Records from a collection
*****
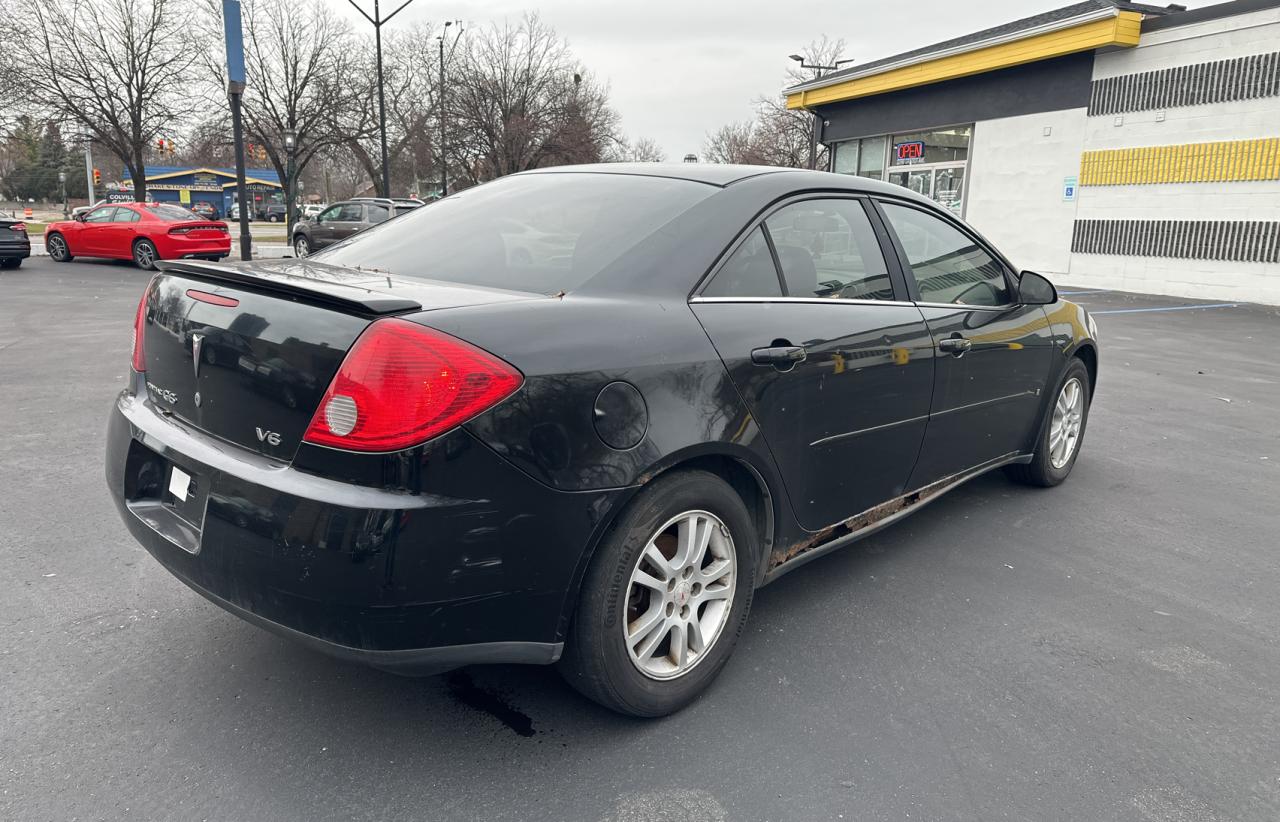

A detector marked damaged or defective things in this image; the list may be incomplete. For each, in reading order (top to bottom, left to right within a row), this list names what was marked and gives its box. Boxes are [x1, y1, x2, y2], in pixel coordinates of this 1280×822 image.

rust damage [764, 476, 956, 572]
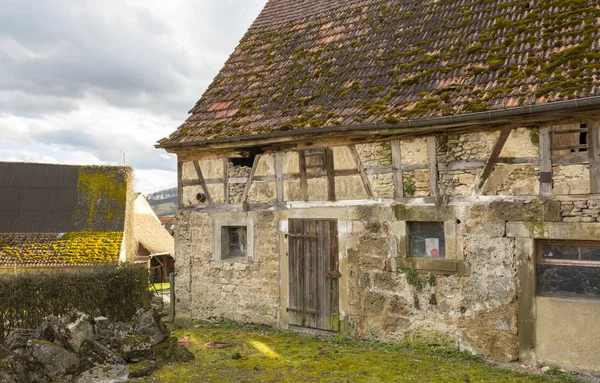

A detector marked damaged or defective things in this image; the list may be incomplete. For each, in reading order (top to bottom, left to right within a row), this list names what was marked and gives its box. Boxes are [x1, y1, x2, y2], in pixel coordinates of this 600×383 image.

broken window [552, 123, 588, 154]
broken window [221, 226, 247, 260]
broken window [408, 224, 446, 260]
broken window [536, 240, 600, 300]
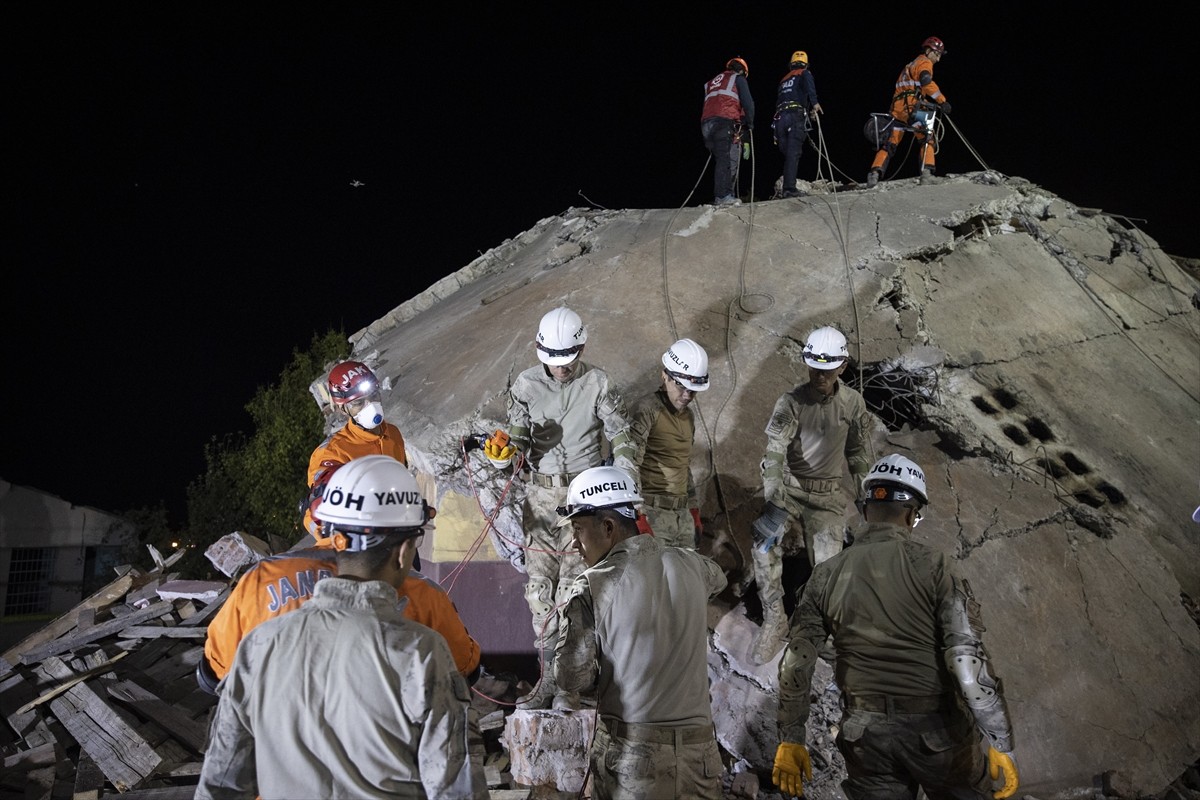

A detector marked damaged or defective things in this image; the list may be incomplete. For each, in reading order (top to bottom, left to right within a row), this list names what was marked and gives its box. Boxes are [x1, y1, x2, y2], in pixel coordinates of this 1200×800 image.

broken wooden plank [21, 600, 177, 664]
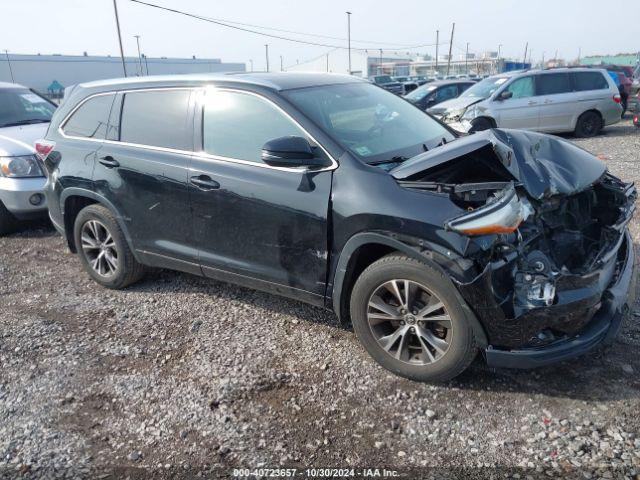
*****
About this exercise = Starting at the line that contains "this 1200×800 image.", return every line through the end of the records above exactly as written, and return no pictures.

Response box =
A detector marked damaged or defective things in this image; the list may be incomplete. For each, in reading order (top to bottom, left to right within a row), this list names what was marked and gives its box. Boxes are [x1, y1, x2, y2], in pixel coordinates of this 1200×800 image.

broken wooden plank [21, 600, 177, 664]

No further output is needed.